It pays to be a Vanguard partner—particularly if you’re one of the top dogs.
Wednesday, Vanguard announced over its internal communications system, CrewNet, that the 2011 Partnership Plan distribution would rise more than 10% from its 2010 levels. With Vanguard’s top dogs earning the bulk (90% or so) of their compensation from the Partnership Plan, this amounts to a nifty 10% raise — a significantly better return than would have been earned investing in one of Vanguard’s broad-based index funds.
The Partnership Plan is Vanguard’s internal profit-sharing mechanism designed to reward all employees, from top management to phone operators, with a piece of the savings the low-cost fund provider generates each year.
Based in large measure on assets under management rather than performance, and factoring in the “cost savings” that accrues by comparing Vanguard’s average operating expense ratio to industry averages, the Partnership Plan pays out millions of dollars a year to Vanguard’s top dogs, while limiting most employees to a bonus that is capped at 30% of base compensation.
Since Vanguard founder Jack Bogle created the plan in 1984, dividends from the plan have compounded at a 14.0% annualized rate, which is a fair bit higher than the 10.2% annualized return from Vanguard’s flagship 500 Index fund.
Yes, it pays better to be a Vanguard employee (and even better to be an executive) than it does to invest in an index fund — even one as well-loved as 500 Index. (Of course, since Vanguard provides no disclosure on whether its top execs, other than chairman Bill McNabb, invest in any of Vanguard’s index funds, there’s no way of knowing whether these corporate managers eat their own cooking or not.

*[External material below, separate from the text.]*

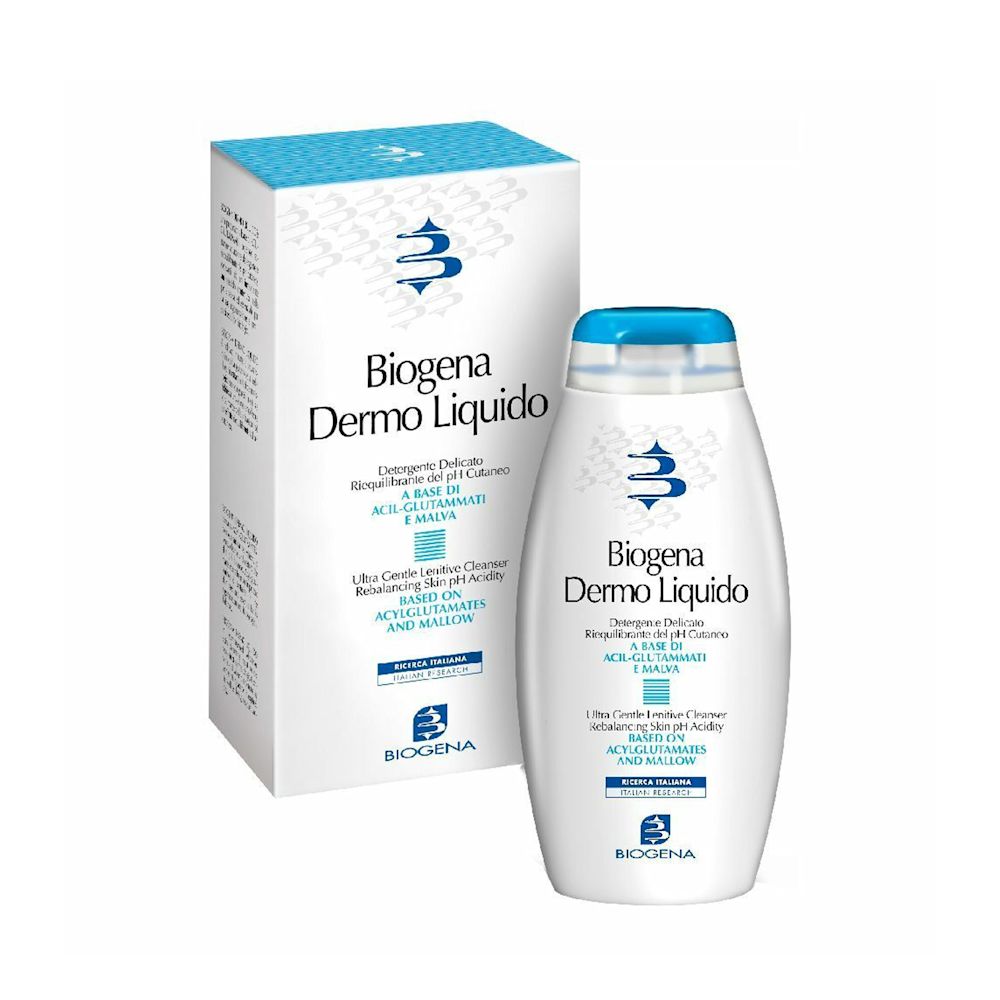 image - 908081680 - BIOGENA DERMO LIQUIDO PH5 250 ML - 7872024_1.jpg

And why should they, given the lucrative Partnership Plan profits they receive each year?)
Given that asset growth is a key component in calculating the value of the dividend each year, it’s a good bet that Vanguard will be raising payouts even more in 2013, as the company has been a leader in the industry in new-money flows this year.
For those who want to see more on the subject of the Partnership Plan, I can recommend the updated version of Lewis Braham’s book, The House That Bogle Built, which goes into some detail on the Vanguard plan and some of the more controversial aspects of how “profits” at this “non profit” are calculated.